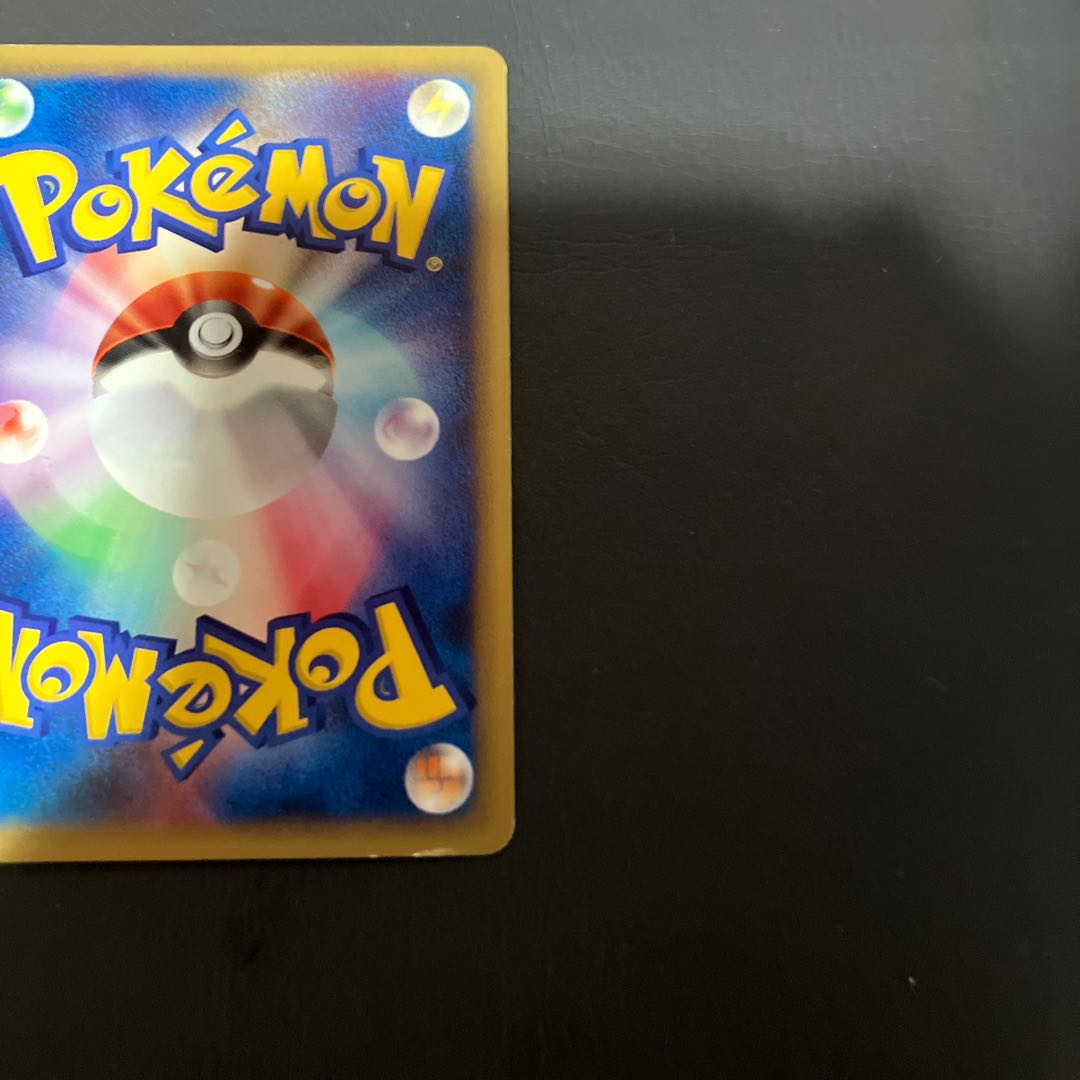 【状態】B ポケモンカードe カリンのブースター 1枚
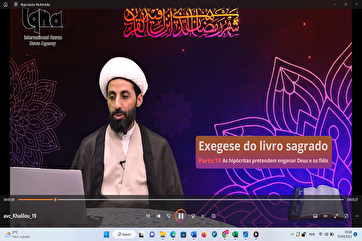 Exegese do livro sagrado 19º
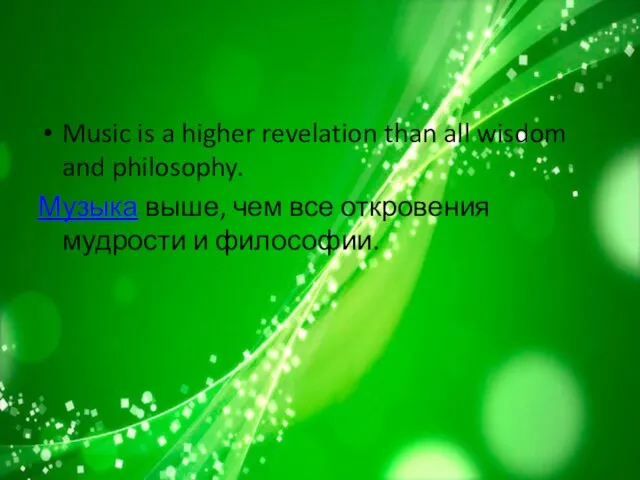 Music is a higher revelation than all wisdom and philosophy. Музыка выше,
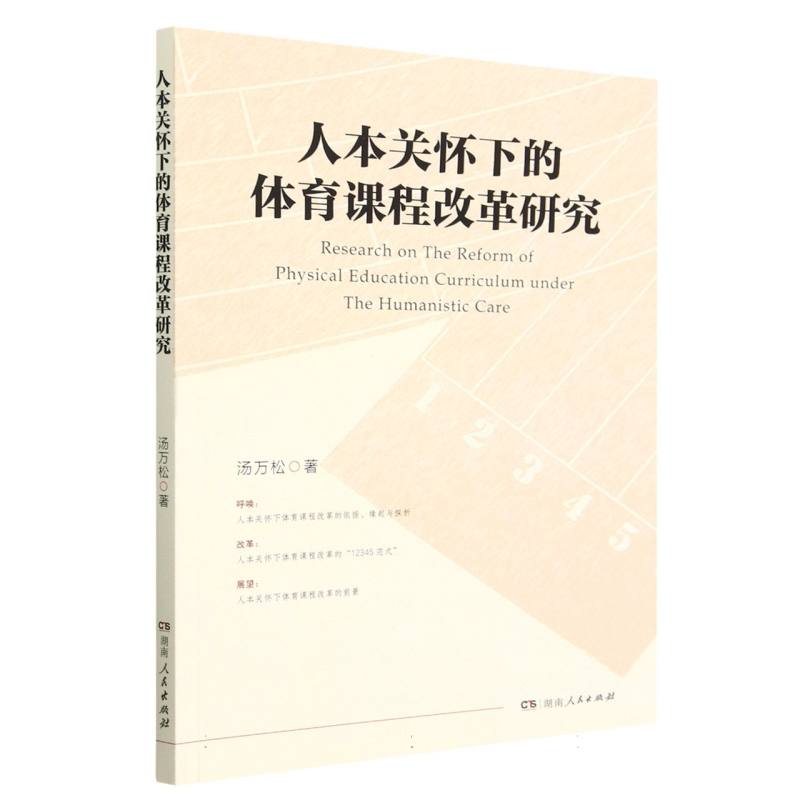 人本关怀下的体育课程改革研究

* [Assignment]: I'd like the material above repeated exactly, with the pictures omitted.

* [Solution]:
 【状態】B ポケモンカードe カリンのブースター 1枚
 Exegese do livro sagrado 19º
 Music is a higher revelation than all wisdom and philosophy. Музыка выше,
 人本关怀下的体育课程改革研究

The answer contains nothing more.